Outcome-dependent sampling (ODS) schemes are cost-effective ways to enhance study efficiency. In ODS designs, one observes the exposure/covariates with a probability that depends on the outcome variable. Popular ODS designs include case-control for binary outcome, case-cohort for time-to-event outcome, and continuous outcome ODS design (Zhou et al. 2002). Because ODS data has biased sampling nature, standard statistical analysis such as linear regression will lead to biases estimates of the population parameters. This package implements four statistical methods related to ODS designs: (1) An empirical likelihood method analyzing the primary continuous outcome with respect to exposure variables in continuous ODS design (Zhou et al., 2002). (2) A partial linear model analyzing the primary outcome in continuous ODS design (Zhou, Qin and Longnecker, 2011). (3) Analyze a secondary outcome in continuous ODS design (Pan et al. 2018). (4) An estimated likelihood method analyzing a secondary outcome in case-cohort data (Pan et al. 2017).

The references are the following:

Zhou H, Weaver M, Qin J, Longnecker M, Wang M. (2002).
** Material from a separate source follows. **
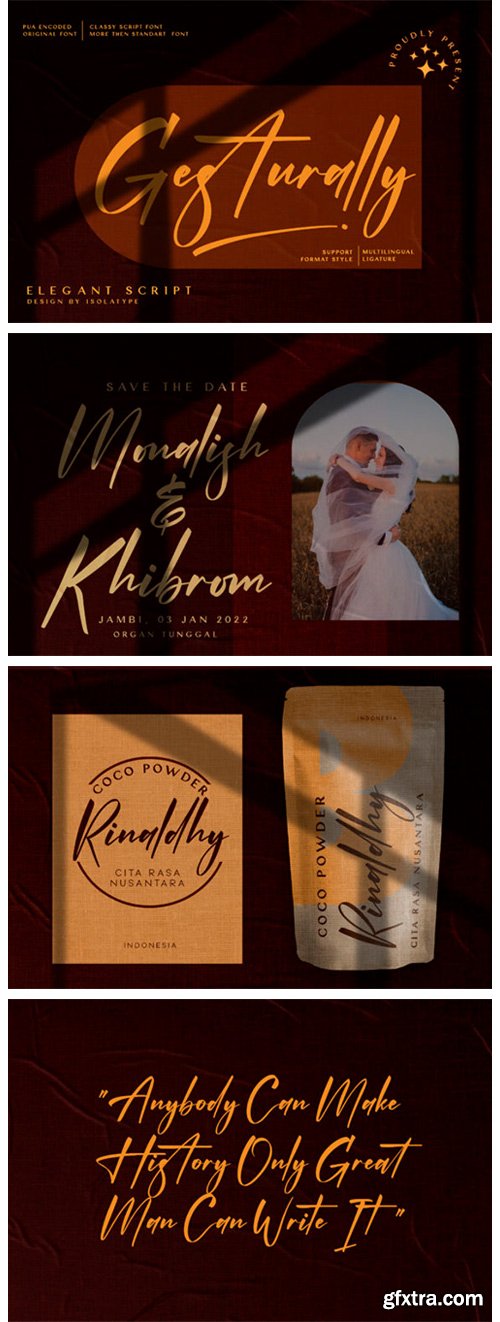 Gesturally Font Gesturally Font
A semiparametric empirical likelihood method for data from an outcome‐dependent sampling scheme with a continuous outcome. *Biometrics*, 58(2):413-421.

Zhou H, Qin G, Longnecker M. (2011). A partial linear model in the outcome‐dependent sampling setting to evaluate the effect of prenatal PCB exposure on cognitive function in children. *Biometrics*, 67(3):876-885.

Pan Y, Cai J, Kim S, Zhou H. (2017). Regression analysis for secondary response variable in a case‐cohort study. *Biometrics*.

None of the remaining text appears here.